Modified PageRank algorithm

PageRank is one of the most famous methods that rank the importance of nodes in networks based on link structures of nodes. The basic idea of PageRank algorithm is that the importance of a node is determined by the importance of their parents nodes and the number of their parents nodes. Therefore, by analyzing the quantity and quality of their parents nodes, PageRank algorithm can give a rough importance estimates for all nodes in networks.

In the classic PageRank algorithm, the importance of nodes can be defined as follows:
$$ PR (P_{i}) = \alpha \sum_{P_{j} \in \text{SCL}(P_{i})} \frac{1}{\mathrm{L}(P_{j})} PR (P_{j}) + (1- \alpha) \frac{1}{N} $$
(7)

where N is the number of the nodes, and L(P j ) is the number of outbound links for node P j , which belongs to the set of nodes that link to P i , also denoted by SCL(P i ). α is a dampening factor set to 0.85 in this paper.

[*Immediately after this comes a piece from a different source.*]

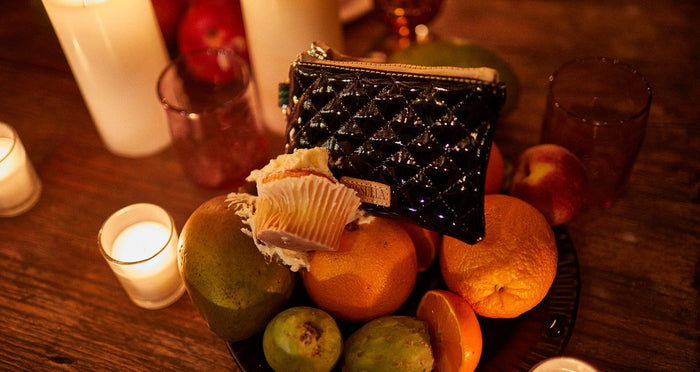 Jax Teeny Pouch (DC)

Equation 7 can be re-written in a matrix form as:
$$ PR = M \times PR $$
(8)
where
$$ M = \alpha M_{1} + (1- \alpha) M_{2},\quad \alpha \in \,[\!0,1] $$
(9)
and
$$\begin{array}{*{20}l} M_{1}(i,j) = \left\{ \begin{array}{cc} \frac{1}{\mathrm{L}(P_{j})},& if \ P_{j} \in \text{SCL}(P_{i}),\\ 0, & \text{otherwise} \end{array} \right. \end{array} $$
(10)
$$ M_{2} = \frac{1}{N} \mathbf{1}_{N \times N} $$
(11)
We propose a modified PageRank algorithm to calculate the importance of nodes MPR, defined as follows:
$$\begin{array}{*{20}l} \tilde{MPR}^{k+1} = \hat{M} \times MPR^{k} \end{array} $$
(12)
Here the modified iterator matrix \(\hat {M}\) is divided into two matrices:
$$ \hat{M} = \alpha \hat{M}_{1} + (1- \alpha) \hat{M}_{2}, \quad \alpha \in\, [\!0,1] $$
(13)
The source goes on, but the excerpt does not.